As an example for the 2nd option, suppose I have the following dtype:
dt = np.dtype([('f1', np.bool),('f2', '<i4'),('f3', '<f8')], align=True)
If you print dt.descr
you will see that a void space has been added to align the data:
dt.descr >>> [('f1', '|b1'), ('', '|V3'), ('f2', '<i4'), ('f3', '<f8')]
But, if I ordered my dtype like this (largest to smallest bytes):
dt = np.dtype([('f3', '<f8'), ('f2', '<i4'), ('f1', np.bool)])

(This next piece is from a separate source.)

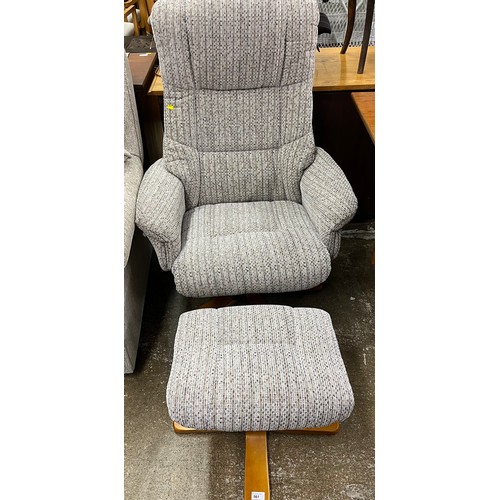 561 - Contemporary arm chair with foot stool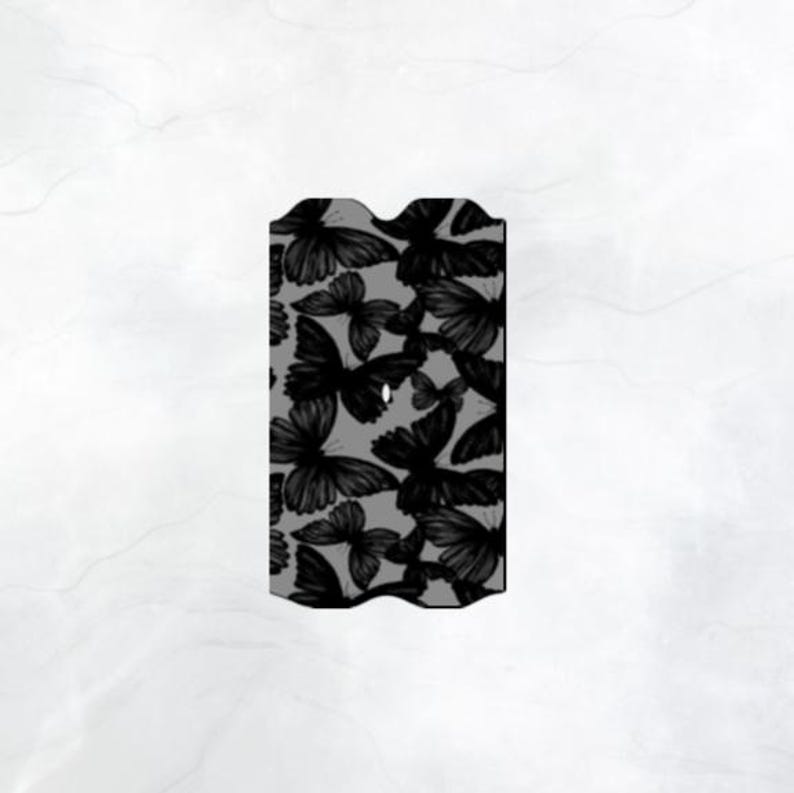 Puede incluir: Una funda de tel&eacute;fono gris y negra con un patr&oacute;n de mariposas negras.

The data is now aligned regardless of whether I specify align = True/False
.
Someone please correct me if I am wrong but even though dt.isalignedstruct = False
if it has been ordered as shown above it is technically aligned. This has worked for me in applications where I need to send aligned data to C.
In the example you provided, even though sa.dtype.isalignedstruct = False
given that
dt.descr = [('doc_id', '<u4'), ('word', '<u4'), ('tfidf', '<f4')]
and
sa.dtype.descr = [('doc_id', '<u4'), ('word', '<u4'), ('tfidf', '<f4')]
The sa
array is aligned (no void spaces added to the descr).